D’ailleurs, le CSR, lorsque le Tribunal administratif l’a invité à produire son dossier, n’a eu aucune difficulté à produire celui-ci, lequel comportait la décision en question. En revanche, le SPAS a pour sa part renoncé à demander au CSR le dossier de la cause. Or, s’il l’avait fait (on notera ici que l'autorité de recours, dans l'hypothèse de l'art. 35a LJPA - recours manifestement irrecevable ou mal fondé - doit recueillir le dossier), ou si le CSR avait spontanément produit une copie de la décision, le recours n’aurait pas pu être déclaré irrecevable.

c) Dans les circonstances du présent cas où, malgré la désinvolture du recourant, l’objet du litige est clairement circonscrit, il apparaît que le procédé du SPAS, consistant à réclamer la production de la décision attaquée sous peine d’irrecevabilité, n’était pas objectivement justifié, mais constituait bien plutôt une exigence de forme ne répondant pas à un but suffisant et compliquant inutilement l’application du droit de fond (pour d’autres exemples, voir ATF 119 Ia 6, cons. 2 a ;115 Ia 12 ; Revue fiscale 1994, 218; v. encore TA, arrêt RE.1994.0025 précité, qui raisonne de la même manière s'agissant de la procuration du mandataire non produite, malgré la demande du juge instructeur, mais qui se trouve au dossier de l'autorité intimée). En l'espèce, le SPAS pouvait et devait se procurer le dossier de l'autorité intimée lequel contenait la décision attaquée. Cette solution s’impose d’autant plus dans un litige ayant trait au RMR que la procédure doit en cette matière rester simple.

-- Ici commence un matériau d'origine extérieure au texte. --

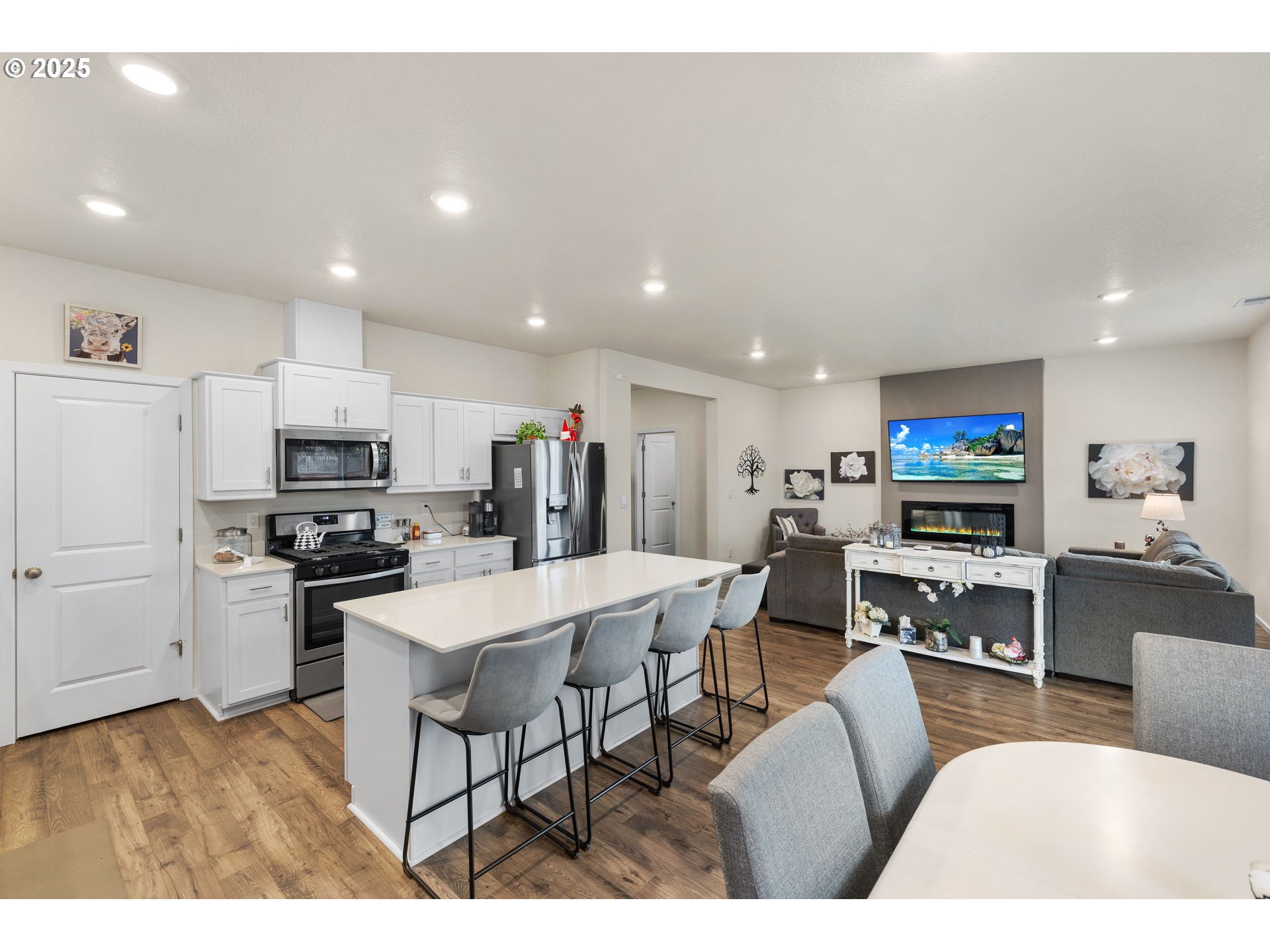 371 Himalaya Street Salem, OR 97301 - Photo 11 of 34 a living room with stainless steel appliances furniture a flat screen tv and a kitchen view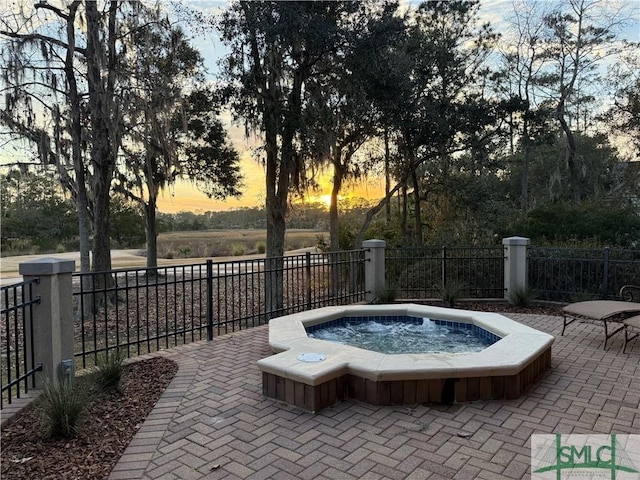 pool at dusk featuring a patio area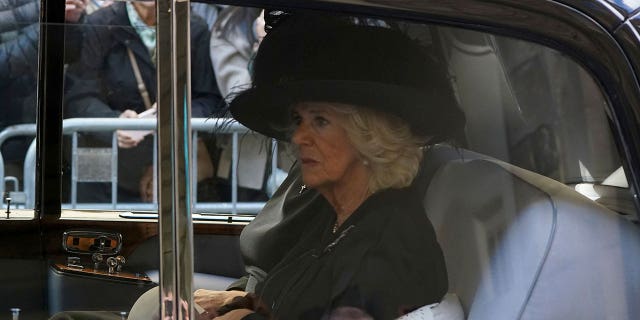 Camilla, the Queen Consort follows the procession of Queen Elizabeth II's coffin from the Palace of Holyroodhouse to St Giles' Cathedral, in Edinburgh, Monday, Sept. 12, 2022.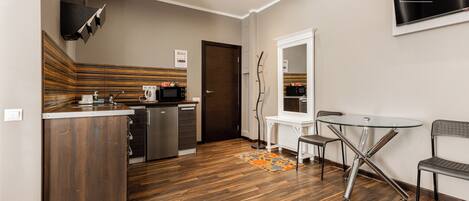 A modern kitchen with a dishwasher, microwave, and a wooden cabinet.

d) Il découle des considérations qui précèdent que la décision attaquée relève de la notion de formalisme excessif, à tout le moins au regard des standards de forme susceptibles d'être exigés en application de la LJPA et particulièrement dans le domaine du RMR. Elle doit en conséquence être annulée, le dossier de la cause lui étant renvoyé pour qu’elle statue à nouveau sur le recours dont elle était saisie.

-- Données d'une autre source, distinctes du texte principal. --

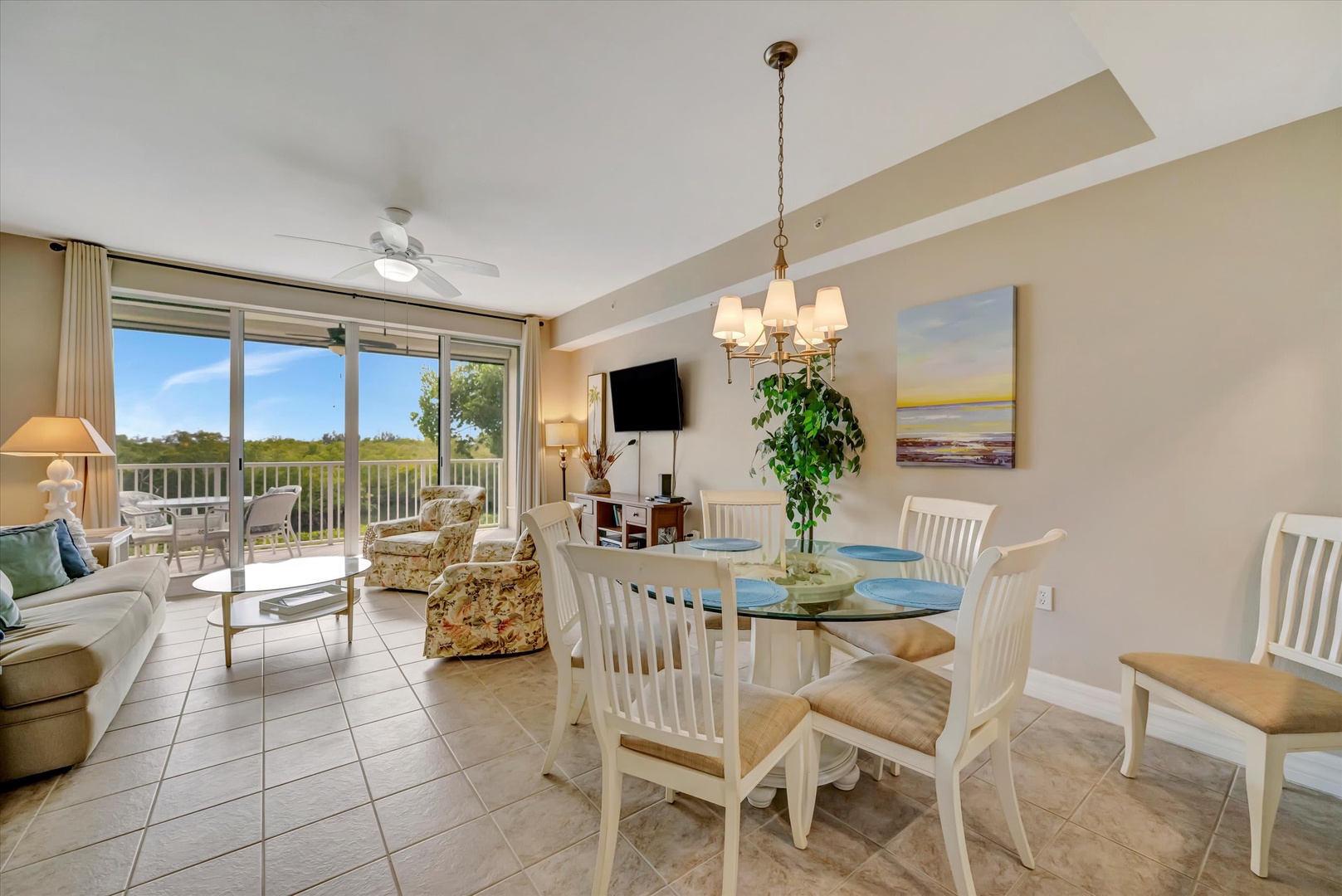 This bright, open space flows seamlessly from cozy seating to your dining table, all bathed in natural light from the balcony beyond. Gather here to share meals and stories in your comfortable home away from home.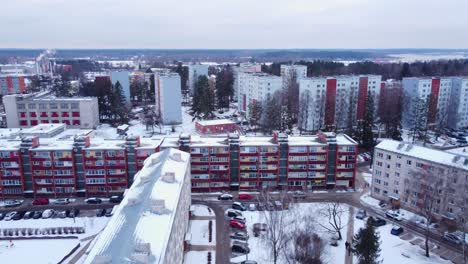 Soviet-time-buildings-covered-in-white-snow,-aerial-drone-established,-day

3.                                Vu l’issue du pourvoi, la présente décision sera rendue sans frais (art. 55 LJPA).

 

 

Par ces motifs
le Tribunal administratif
arrête:

I.                                   Le recours est admis.

II.                                 La décision rendue le 22 mars 2005 par le Service de prévoyance et d’aide sociales est annulée ; le dossier lui est renvoyé pour complément d’instruction et nouvelle décision.

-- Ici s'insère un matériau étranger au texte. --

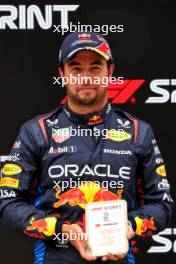 Sergio Perez (MEX) Red Bull Racing celebrates his third position in Sprint parc ferme. 20.04.2024. Formula 1 World Championship, Rd 5, Chinese Grand Prix, Shanghai, China, Sprint and Qualifying Day.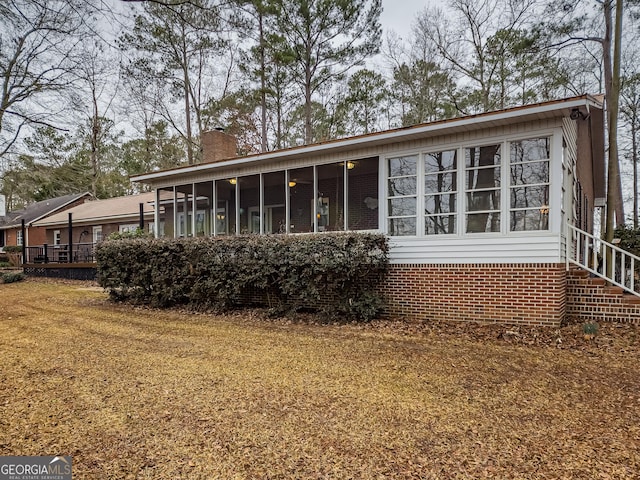 rear view of house with a sunroom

jc/lm/Lausanne, le 10 juin 2005

 

                                                          Le président:                                  

                                                                                                                 

 

 

Le présent arrêt est communiqué aux destinataires de l'avis d'envoi ci-joint.